_DATASET ENTRIES_:
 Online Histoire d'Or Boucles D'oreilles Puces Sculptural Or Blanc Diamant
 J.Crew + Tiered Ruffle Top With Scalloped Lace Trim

==

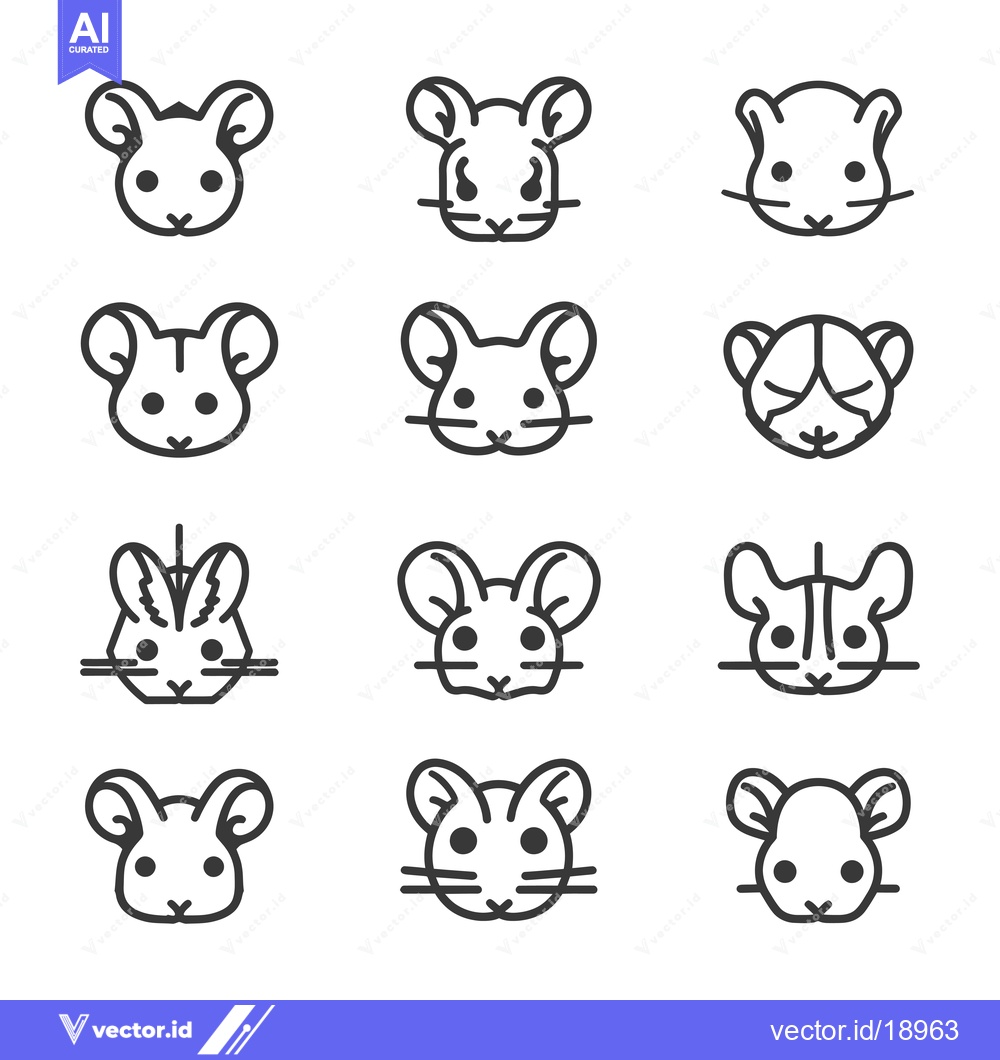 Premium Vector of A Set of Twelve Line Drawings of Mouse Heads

_REQUIREMENT_: What you return must be the lines above that run from the line with "Online Histoire d'Or" to the line with "J.Crew + Tiered", inclusive, each copied exactly.

_EXERCISE SOLUTION_:
 Online Histoire d'Or Boucles D'oreilles Puces Sculptural Or Blanc Diamant
 J.Crew + Tiered Ruffle Top With Scalloped Lace Trim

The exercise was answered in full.